26

49 19 0
                                    

"Hei! Bebaskan Juragan!"

Teriakan demi teriakan terdengar di luar. Burhan merasa jengkel dengan teriakan-teriakan orang di luar.

Laki-laki berpakaian serba putih itu berjalan ke luar. Langkahnya tegap dengan memasang wajah penuh ketegangan. Dia seakan menegaskan jika dirinya tidak bisa ditekan oleh orang-orang yang tidak punya kepentingan seperti warga desa.

Puluhan waga desa sudah berkumpul di pekarangan rumah Haji Masdar. Burhan menemui mereka di beranda  hanya mengobati rasa penasaran. Burhan ingin menyaksikan seberapa banyak orang yang berani datang. Padahal, anak buah Burhan sudah siap menembak mereka yang berani merangsek masuk ke dalam rumah.

"Apa hak kalian menyuruhku!" Burhan berteriak dengan memasang mata melotot.

"Kami ingin Juragan dibebaskan."

"Kalau aku tidak mau?"

"Kami akan menyerang kalian."

Burhan melirik ke anak buahnya yang sedang berdiri di pintu. Laki-laki berbaju gelap itu nampaknya paham maksud lirikan majikannya.

"Lihatlah, laki-laki tua ini sudah tidak berdaya!" Burhan menunjuk Haji Masdar yang diseret keluar dari ruang tengah. "Kalian masih membela dia?"

Warga yang sudah menghunus senjata nampaknya mulai meredam amarah mereka. Tidak ada lagi yang berani berteriak apalagi mengacungkan senjata tajam seperti sebelumnya.

Burhan menodongkan pistol ke kepala Haji Masdar. Dia tidak main-main dengan ancamannya.

"Siapa yang berani mendekat, maka dia akan mati!"

Warga mulai mundur selangkah demi selangkah. Mereka memandang nanar laki-laki tua yang selalu dipanggilnya "juragan".

"Hei!" Burhan kembali menata kata, "memangnya apa yang telah laki-laki ini berikan untuk kalian, heh?"

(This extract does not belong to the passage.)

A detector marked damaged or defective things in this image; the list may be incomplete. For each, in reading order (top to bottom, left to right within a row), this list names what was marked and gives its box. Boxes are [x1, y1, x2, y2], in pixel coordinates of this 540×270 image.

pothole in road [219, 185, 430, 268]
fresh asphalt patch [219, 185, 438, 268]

Warga tidak ada yang menjawab pertanyaan Burhan. Semua terdiam.

"Kau, hei kau yang bajunya paling bersih? Aku tahu kau pengurus Perhimpunan. Apa yang telah kau dapatkan hingga kau membela laki-laki tua ini?"

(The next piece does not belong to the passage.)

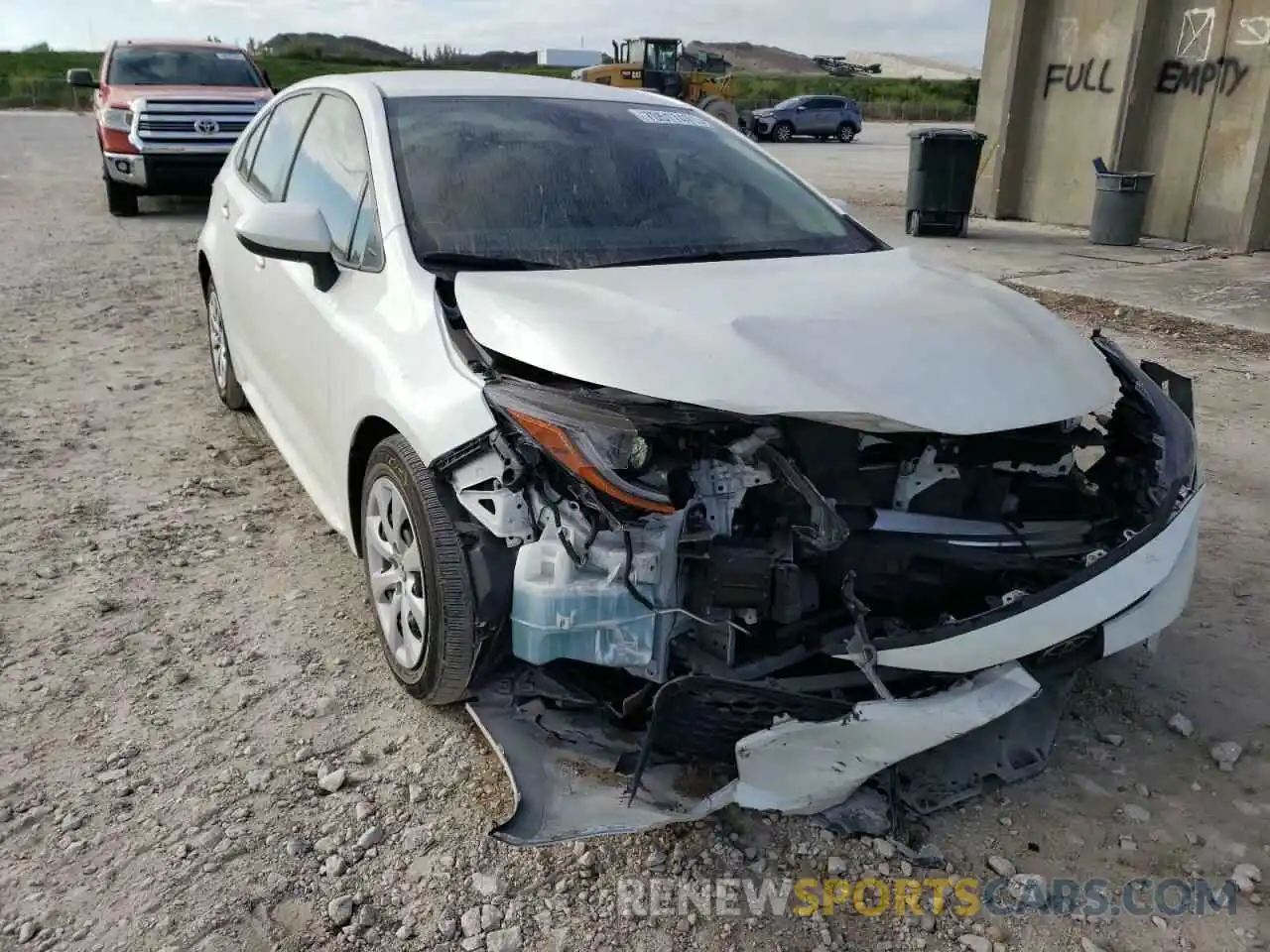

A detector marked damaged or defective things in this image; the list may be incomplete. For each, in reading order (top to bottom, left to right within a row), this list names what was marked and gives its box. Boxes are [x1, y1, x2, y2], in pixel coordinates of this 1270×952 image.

crumpled hood [456, 249, 1119, 434]
broken headlight [484, 377, 675, 512]
damaged white toyota corolla [196, 70, 1199, 845]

"Eee ... Juragan sudah memberi kami kehidupan yang lebih makmur."

"Omong kosong!"

"Juragan Haji memperbolehkan kami mengolah lahannya."

"Bodoh! Kalian hanya jadi kacung! Kalian dimanfaatkan orang tua ini!"

Burhan mencoba mempermainkan pikiran orang-orang desa tidak berpendidikan yang sedang berdiri berkerumun. Orang-orang itu nampak berpikir, mereka saling tatap satu sama lain.

"Hei, kalian orang desa tidak tahu jika kalian hanya dimanfaatkan untuk memenuhi ambisi laki-laki ini!"

"Maksudmu apa?"

"Kalian sadar ... jika Perhimpunan Pribumi yang dia dirikan sebenarnya bukan untuk memperjuangkan nasib orang pribumi?" Burhan menghela nafas, "Tapi mengejar ambisinya untuk berkuasa di desa ini!"

Haji Masdar membelalakan matanya.

Orang tua itu sangat marah pada Burhan karena pernyataannya. Tapi, dia tidak bisa berkata-kata karena ujung pistol masuk ke dalam mulutnya ...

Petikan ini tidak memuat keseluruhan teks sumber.